Non pas que le sort réservé aux cinq filles de Bernarda soit particulièrement drôle. Au contraire. Les pauvres donzelles sont en effet sous le joug de leur mère, qui leur impose une retraite forcée de huit ans après le décès de son mari, question d'honorer la mémoire de leur père. Mais le contraste avec les moeurs d'aujourd'hui est tellement fort que le public de jeudi dernier a trouvé matière à rire, parfois dans les moments les plus dramatiques. On ne peut pas vraiment lui en vouloir.

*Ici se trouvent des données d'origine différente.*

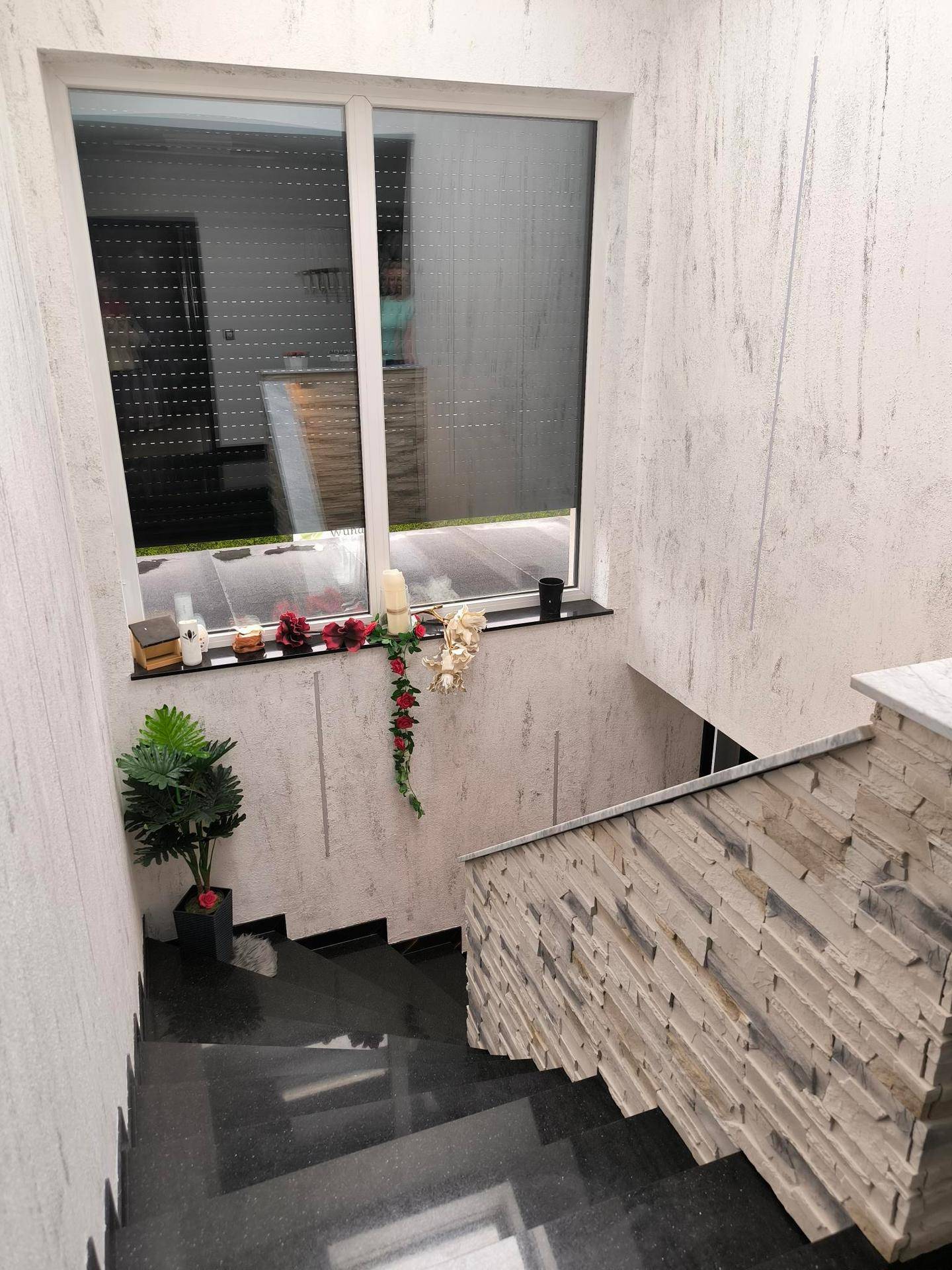 Moderner Treppenaufgang mit dunklen Granitstufen und dekorativer Steinwand, beleuchtet durch ein Fenster.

Il faut dire que les jeunes comédiennes fraîchement émoulues de l'option théâtre du cégep Lionel-Groulx en rajoutent parfois plus que nécessaire dans l'expression de leur douleur face à cette mère oppressante, guidée par les «qu'en-dira-t-on» d'une société rigide et traditionnelle. Il faut se rappeler que la pièce a été écrite en 1936, la dernière de Lorca avant son assassinat par les phalangistes de Franco. La maison de Bernarda était alors une dénonciation de l'Espagne catholique autoritaire.

Le récit de Lorca, riche en symboles et en images, n'en est pas moins intéressant. La lutte des cinq soeurs, carrément faites prisonnières par leur mère, révélera le besoin de liberté de chacune. Une intrigue enrichie par la présence d'un jeune homme, qui nourrit l'espoir de leur fuite. Promis à la fille aînée Augustias, Pepe tombera plutôt amoureux de la cadette, Adela. Le malaise vient du jeu des comédiennes, qui manque de subtilité. Même Louise Laprade, dans le rôle de Bernarda, n'est pas crédible dans son rôle de vilaine. Qu'une tragédie fasse autant rire devrait sonner l'alarme.

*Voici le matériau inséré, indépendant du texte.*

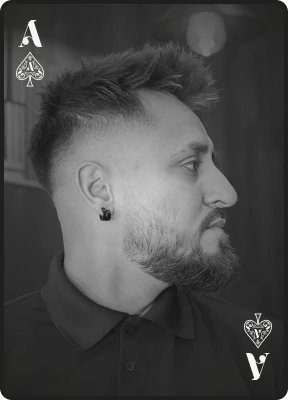 Ace of Spades card representing a professional men's haircut with a skin fade and full beard grooming service.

Le choix d'en faire un théâtral musical, avec plusieurs segments chantés, se défend parfaitement. Et nous offre quelques beaux moments. La trame musicale de Vincent Beaulne est d'ailleurs assez réussie. Seulement, le texte de Sarah Berthiaume est tellement sirupeux et les performances, malheureusement, inégales. Les numéros les plus réussis sont ceux où les filles chantent à l'unisson, notamment les chansons en espagnol. Ou encore celui de la bonne (interprétée par Suzanne Champagne), qui chante sa rencontre avec son mari.

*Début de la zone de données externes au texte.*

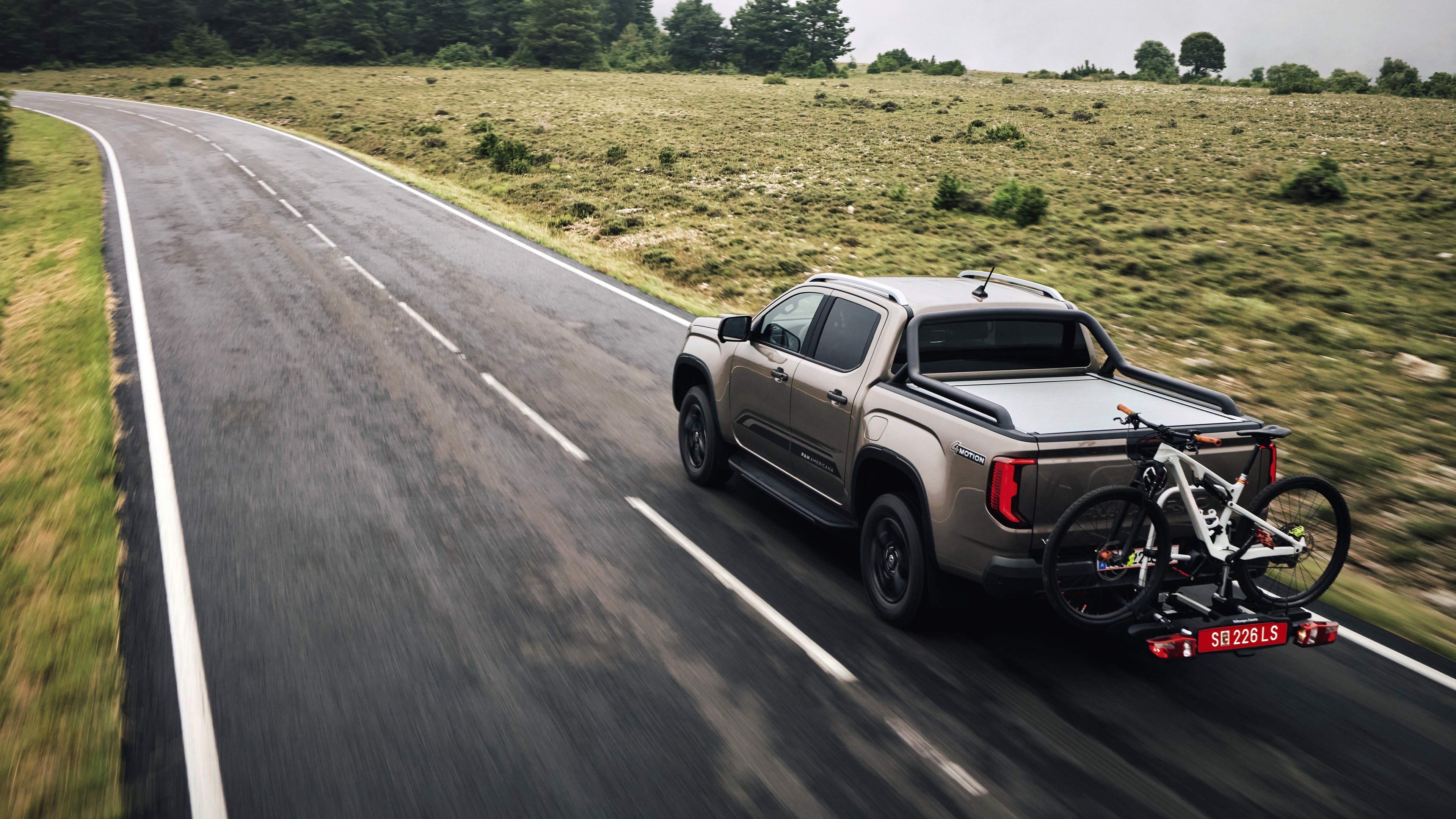 Amarok mit Fahrradträger fährt bei Nässe über eine Landstraße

La mise en scène de Ghyslain Filion est d'assez jolie facture. Le décor évoquant un cloître, avec les cinq rideaux qui représentent les chambres de filles, est somme toute assez efficace. Tout comme les jardins extérieurs évoqués dans le texte, symbole de liberté, qu'on visualise parfaitement. Seulement voilà, les efforts déployés par les 10 comédiennes, qui nous livrent une performance comique, ne sont pas suffisants pour sauver ce drame de la caricature.

Au Théâtre Denise-Pelletier jusqu'au 5 avril.